Оля пересекла Носовскую улицу. Сколько она себя помнила, Носовская пестрела лавками, магазинами… «Хлеб», «Рыба», «Аптека», даже «Юный техник». В здании Можарова в гостинице «Славянская», где до революции – всего два года назад! – собирались купцы и промышленники со всей губернии, играл румынский оркестр. Как же они веселились там с Ермолиным летом четырнадцатого года! Год назад гостиница исчезла, особняк с шестиколонным греческим портиком на высоком цоколе стоял теперь с окнами, забитыми досками…
В конце улицы возбужденная толпа опять что-то громила. Что еще в этом городе можно грабить? Все, что представляло какую-то ценность для оголодавшего, озверевшего люда, выползшего неизвестно откуда – Оля никогда не представляла, что в ее городе столько той самой черни, которая до революции выглядела нормальными людьми, что-то угрюмо, но мирно паявших и клепавших в мастерских на окраине, – все было давно разграблено.
Громили книжный магазин, Оля пережидала за углом. Мужики в рваных ушанках вытаскивали из магазина полки орехового дерева, прилавки.
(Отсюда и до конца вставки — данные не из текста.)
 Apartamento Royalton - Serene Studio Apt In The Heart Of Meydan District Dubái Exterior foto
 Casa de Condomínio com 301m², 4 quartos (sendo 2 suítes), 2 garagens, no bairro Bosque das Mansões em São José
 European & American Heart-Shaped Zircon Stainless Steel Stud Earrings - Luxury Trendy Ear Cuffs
Грабеж, судя по всему, шел к концу, наконец на улице воцарилась полная тишина. Оля не могла прийти в себя от страха. Осторожно подойдя к разгромленной лавке, заглянула внутрь…
– Маруся, девочки, смотрите, что я принесла, – она без сил ввалилась в дом с непокрытой головой.
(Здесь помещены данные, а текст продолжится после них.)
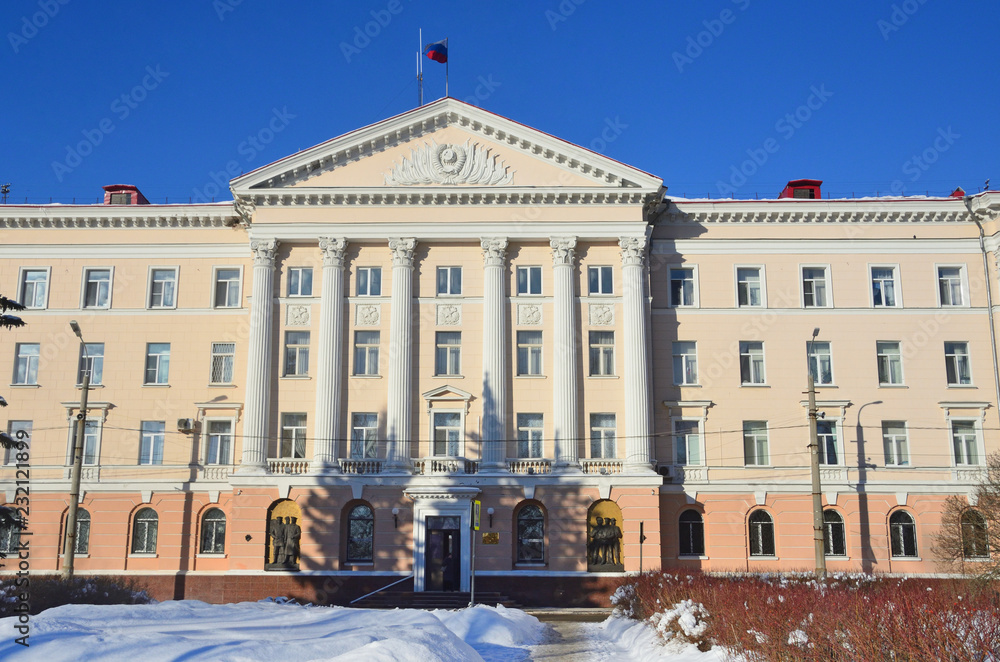Naklejka premium Arkhangelsk, Russia. The building of the internal Affairs of the Arkhangelsk region on Voskresenskaya street in Arkhangelsk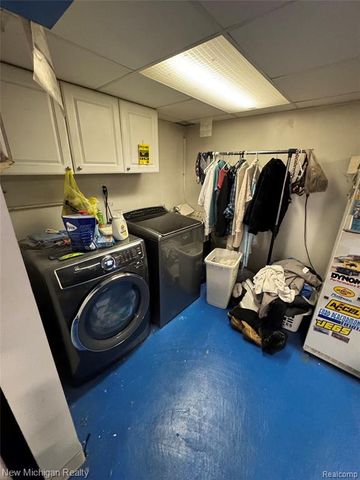 25888 Carl Street, Roseville, MI 48066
– Олечка, почему ты в мороз без платка? Что ты принесла? Еду?
– Еду тоже, вот рыбу возьмите, а тут, смотрите! – Оля втащила в дверь большой узел и без сил прислонилась к притолоке.
– Это твой платок? Ты его по улице волокла? Что в нем? – галдели сестры.
Оля развязала узел.
– Собрание сочинение Чарской. Удача необыкновенная, правда? Книжный на Носовской погромили. Темно было. Может, завтра с утра сходите, при свете что-то еще хорошее найдете.
… Летом, с трудом найдя подводу, сестры переехали в именье. Дарья Павловна за зиму слегла, Елизавета Павловна и Марья Павловна еще держались. Как тетушки пережили зиму, было непонятно. Барышни привезли с собой остатки утвари, украшений, меняли по крестьянским хозяйствам накидки и воротники, связанные Лизонькой, на картошку, хлеб. Искали в лесу грибы, собирали изрядно одичавшую вишню, смородину, малину, крыжовник, не представляя, как сберечь добро при неимении сахара. Дарью Павловну мучили приступы сердца, она отекла, распухла, с трудом поднималась с постели. Дом стоял неприбранный, жалкий. Зимой у тетушек не было дров, они жгли в печке сначала дворовую утварь, потом кресла. Елизавета Павловна рассказывала, как навострилась топориком колоть стулья на щепочки, потому что печка давно забилась, разжигать огонь в ней становилось к весне уже трудно, дым шел в комнату, от чего Дарья Павловна задыхалась еще больше.
Пианино за год расстроилось, но настройщики остались в прежней жизни. Катя и Милка привезли с собой скрипку и виолончель, которые, кроме них, никому были не нужны и обменять на еду их было невозможно. По вечерам по-прежнему играли сонаты Бетховена, струнные квартеты Гайдна, ноктюрны Шопена… Распад мира вокруг не тронул только инструменты и ноты.
Приехал Костя, которого отпустили с завода на две недели. Вид голодающих сестер потряс его. Сам он на Украине не голодал, но твердо намеревался переехать в Москву, забрав туда и сестер. По его словам, в Москве и голод был не столь сильным, и магазины работали, и даже кинематограф… Шурка Старикова еще зимой тоже уговаривала Марусю решиться на переезд, повторяя, что в Москве работают и музыкальные училища, и консерватория. Представить, что где-то проходят концерты, было трудно…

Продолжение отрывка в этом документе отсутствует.